Experts have highlighted that ethics and integrity are crucial to the success of Public-Private Partnerships (PPPs), emphasizing that financial models alone cannot guarantee project effectiveness. Without transparency and adherence to procurement best practices, PPPs risk becoming liabilities rather than instruments for innovation and value creation.
This was a key theme at the 2025 National Mandatory Continuous Professional Development (MCPD) seminar of the Nigerian Institution of Estate Surveyors and Valuers (NIESV) held in Lagos. The seminar, themed “Infrastructure Concession Regulatory Commission (ICRC) Act: A Strategic Overview of the New Public-Private Partnership Framework and Role of Estate Surveyors and Valuers in National Infrastructure Transformation,” provided a platform for professionals to showcase their expertise.
Dr. Samson Agbator, a speaker at the event, noted that Nigeria is entering an era where infrastructure will dominate national development. He emphasized the pivotal role of estate surveyors and valuers in ensuring that PPPs deliver major capital investments, adhere to valuation standards, and attract investor confidence through thorough feasibility studies.

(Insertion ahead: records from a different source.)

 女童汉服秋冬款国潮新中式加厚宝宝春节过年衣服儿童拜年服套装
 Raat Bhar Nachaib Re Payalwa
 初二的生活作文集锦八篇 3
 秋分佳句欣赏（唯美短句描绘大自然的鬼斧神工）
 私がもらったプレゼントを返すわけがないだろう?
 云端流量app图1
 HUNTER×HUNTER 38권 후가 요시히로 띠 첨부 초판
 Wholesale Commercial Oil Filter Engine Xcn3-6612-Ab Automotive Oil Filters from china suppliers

“The ICRC Act of 2005 marked a bold step in Nigeria’s infrastructure journey. Opportunities before estate surveyors and valuers are unprecedented. This is our moment to rise, innovate, and redefine our relevance,” Dr. Agbator said.

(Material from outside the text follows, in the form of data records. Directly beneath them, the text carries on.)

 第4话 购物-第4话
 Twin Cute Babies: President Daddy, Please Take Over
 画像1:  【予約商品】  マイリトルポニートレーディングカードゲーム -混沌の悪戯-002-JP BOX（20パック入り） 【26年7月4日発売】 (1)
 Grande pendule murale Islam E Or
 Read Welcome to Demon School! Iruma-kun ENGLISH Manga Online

He encouraged professionals to strengthen technical skills, deepen financial literacy, and adopt multidisciplinary approaches. He highlighted upcoming infrastructure opportunities, including the Senate-approved $22 billion in external loans, the government’s target to raise infrastructure stock to 70% of GDP by 2043, and a projected national population of 400 million by 2050.
With Nigeria’s infrastructure deficit projected to reach $878 billion by 2040, experts urged estate surveyors and valuers to leverage the revised ICRC Act 2025, which allows federal ministries, departments, and agencies (MDAs) to partner with the private sector on viable infrastructure projects through competitive bidding. Key reforms include:
- Projects above N20 billion require Federal Executive Council (FEC) approval; projects below this may be approved by supervising ministries.

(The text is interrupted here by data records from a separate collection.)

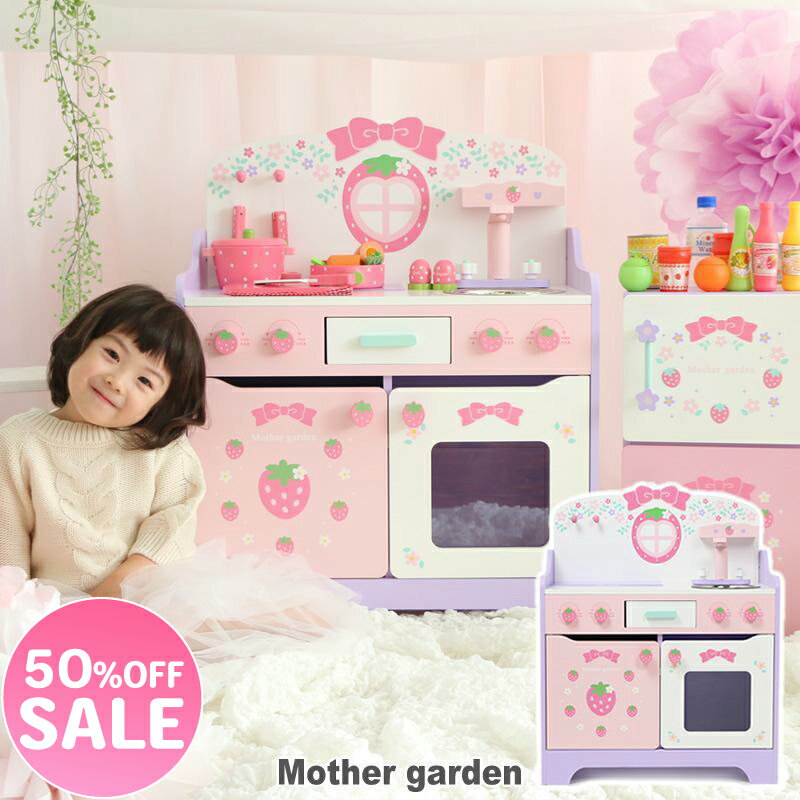 【楽天スーパーSALE 協賛セール】SALE セールマザーガーデン 木製 おままごと ままごと 野いちご 組立 キッチン 《フローラル柄》 木製 おままごと 子供 ままごとセット 知育玩具 おもちゃ 木のおもちゃ ★★のサムネイル
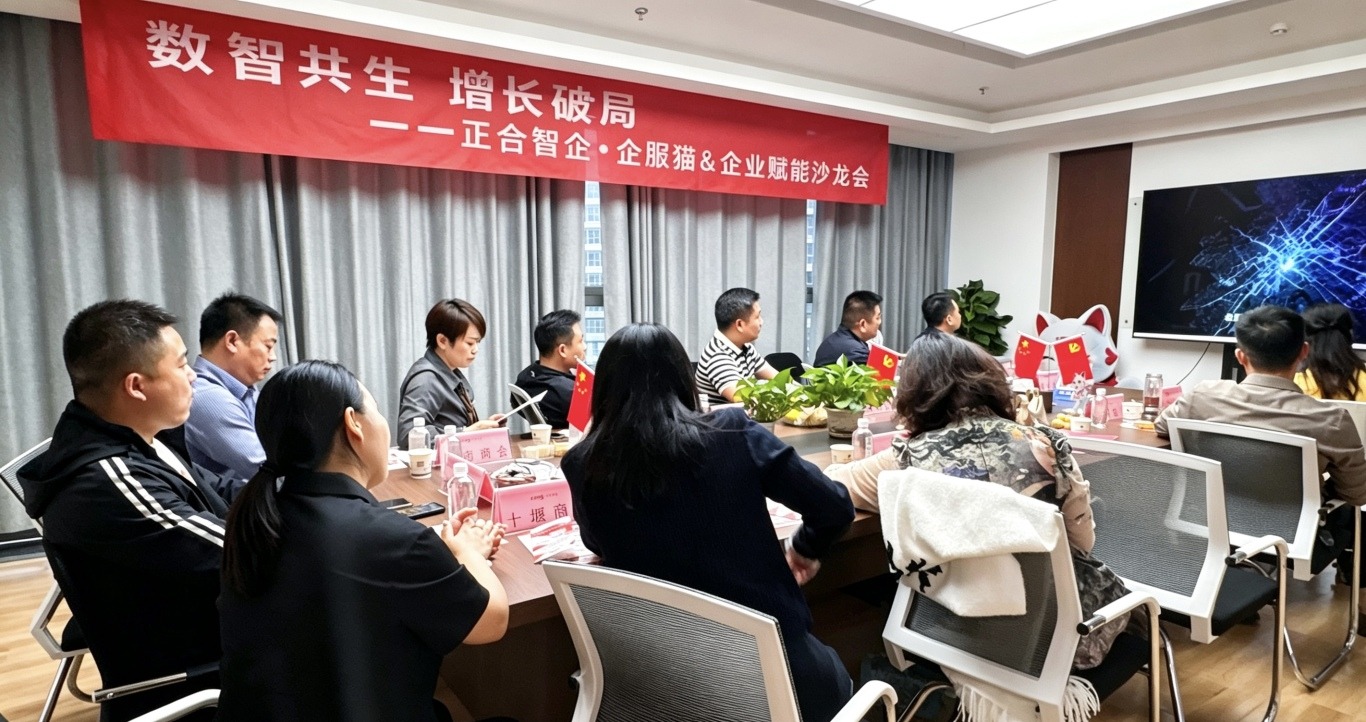 AI赋能·智启新机|第六期企业家赋能沙龙(商协会秘书长专场)圆满落幕(图4) AI赋能·智启新机|第六期企业家赋能沙龙(商协会秘书长专场)圆满落幕(图4)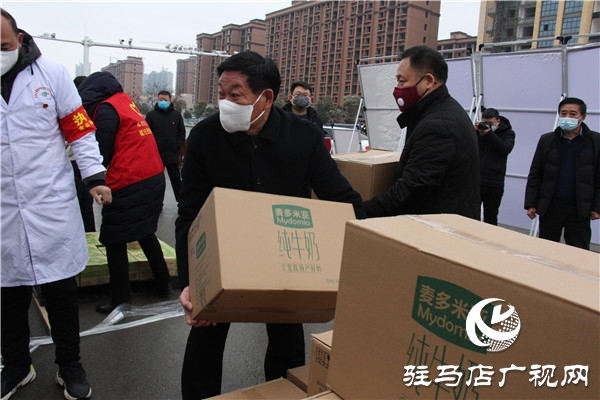 开发区慈善总会联合爱家超市向疫情防控一线捐赠物资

- Projects involving multiple MDAs automatically require FEC approval to accelerate delivery.
- The ICRC retains oversight of PPP agreements, issues guidelines, and ensures compliance.
NIESV President, Victor Alonge, stressed the vital role of estate surveyors in valuation for insurance, risk assessment, and professional integrity. Ayo Oladapo emphasized collaboration between federal and state governments, adoption of technology, international best practices, and specialised skills such as green building and mineral resource valuation.
The seminar concluded with Fatima Olowookure, Chairman of the National MCPD Committee, urging practitioners to embrace lifelong learning to stay competitive in a rapidly evolving professional landscape.